Top of DATA LISTING
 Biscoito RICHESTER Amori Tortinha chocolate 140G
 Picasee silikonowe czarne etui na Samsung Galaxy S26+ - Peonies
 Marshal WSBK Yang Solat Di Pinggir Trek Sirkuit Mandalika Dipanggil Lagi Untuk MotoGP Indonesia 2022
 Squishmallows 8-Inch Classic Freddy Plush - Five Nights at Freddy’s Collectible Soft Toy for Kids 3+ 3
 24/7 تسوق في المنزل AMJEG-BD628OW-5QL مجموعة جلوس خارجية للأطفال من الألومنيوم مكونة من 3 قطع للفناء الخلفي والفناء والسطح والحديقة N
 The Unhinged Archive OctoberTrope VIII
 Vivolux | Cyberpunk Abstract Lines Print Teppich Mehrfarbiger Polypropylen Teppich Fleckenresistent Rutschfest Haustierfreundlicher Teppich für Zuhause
Bottom of DATA LISTING
# [EXERCISE DETAILS]
Starting at the first line of the entries above, please extract each line up to and including the line with "Squishmallows 8-Inch Classic", unchanged, and add nothing.

# [OUTPUT BELOW]
 Biscoito RICHESTER Amori Tortinha chocolate 140G
 Picasee silikonowe czarne etui na Samsung Galaxy S26+ - Peonies
 Marshal WSBK Yang Solat Di Pinggir Trek Sirkuit Mandalika Dipanggil Lagi Untuk MotoGP Indonesia 2022
 Squishmallows 8-Inch Classic Freddy Plush - Five Nights at Freddy’s Collectible Soft Toy for Kids 3+ 3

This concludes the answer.